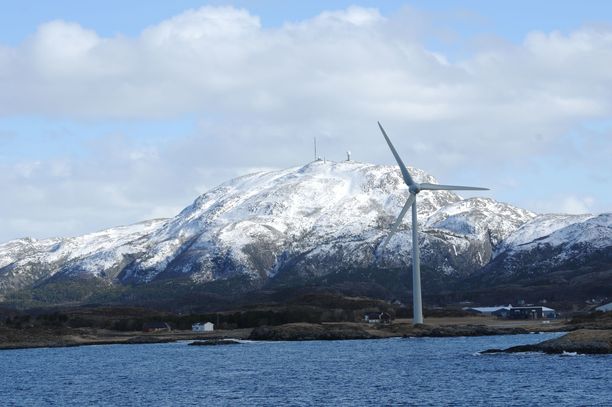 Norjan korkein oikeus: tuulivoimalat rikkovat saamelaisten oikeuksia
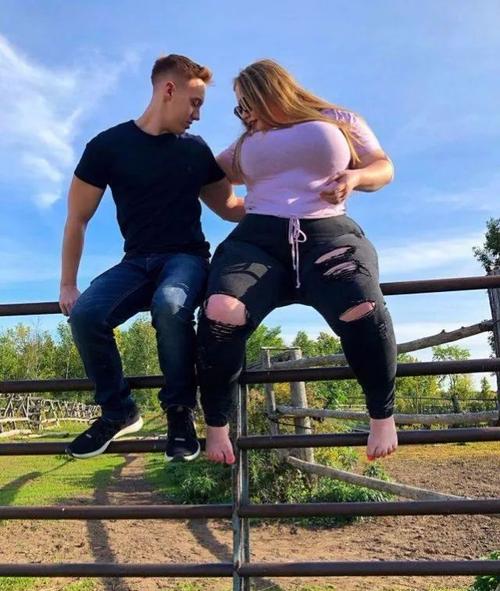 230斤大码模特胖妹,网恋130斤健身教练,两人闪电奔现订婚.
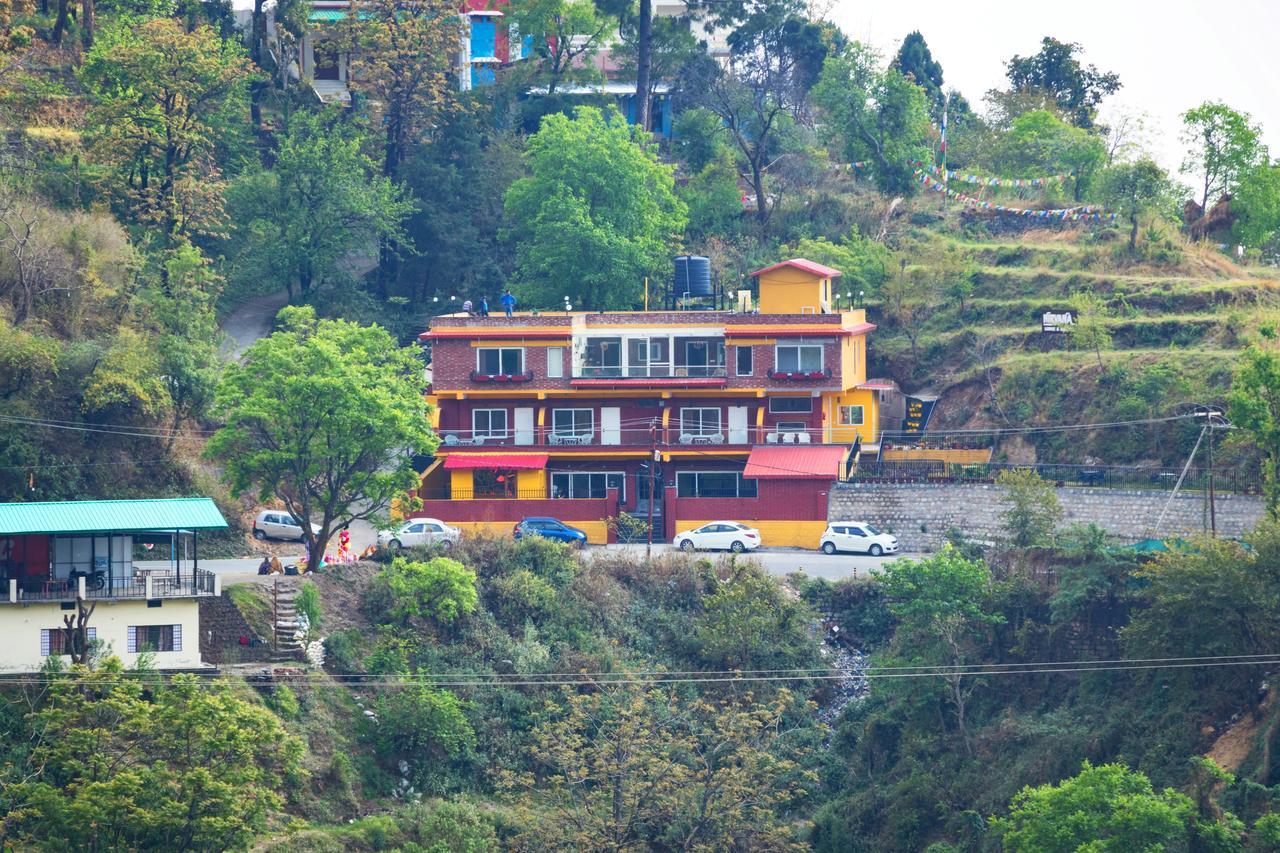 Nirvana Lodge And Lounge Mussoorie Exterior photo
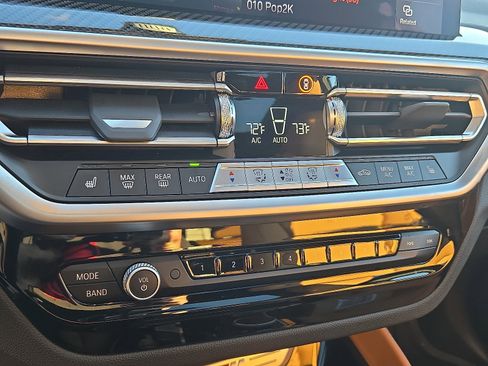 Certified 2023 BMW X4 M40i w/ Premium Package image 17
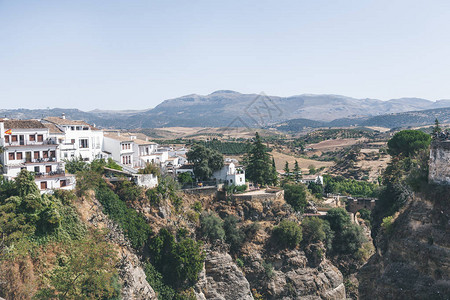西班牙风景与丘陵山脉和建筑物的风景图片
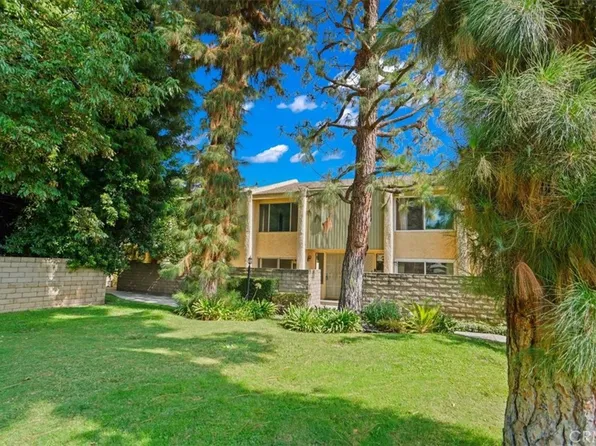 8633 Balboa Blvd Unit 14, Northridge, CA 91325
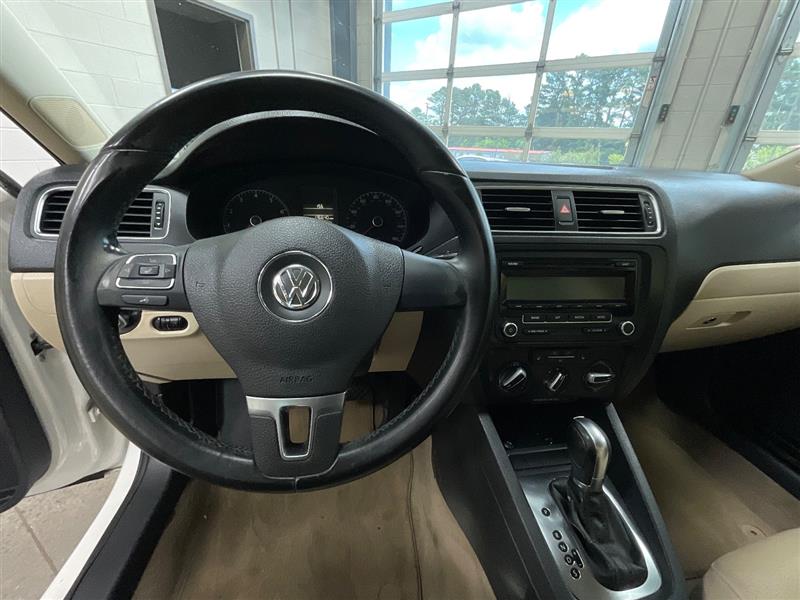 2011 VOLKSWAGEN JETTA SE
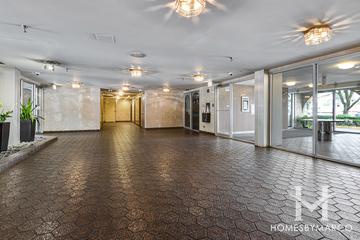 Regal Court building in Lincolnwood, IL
==
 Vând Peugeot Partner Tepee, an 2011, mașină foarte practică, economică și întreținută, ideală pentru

WORK INSTRUCTION: Leaving pictures out, output the lines of the data above from the one with "Norjan korkein oikeus: tuulivoimalat" through the one with "西班牙风景与丘陵山脉和建筑物的风景图片", word for word.

EXPECTED OUTPUT:
 Norjan korkein oikeus: tuulivoimalat rikkovat saamelaisten oikeuksia
 230斤大码模特胖妹,网恋130斤健身教练,两人闪电奔现订婚.
 Nirvana Lodge And Lounge Mussoorie Exterior photo
 Certified 2023 BMW X4 M40i w/ Premium Package image 17
西班牙风景与丘陵山脉和建筑物的风景图片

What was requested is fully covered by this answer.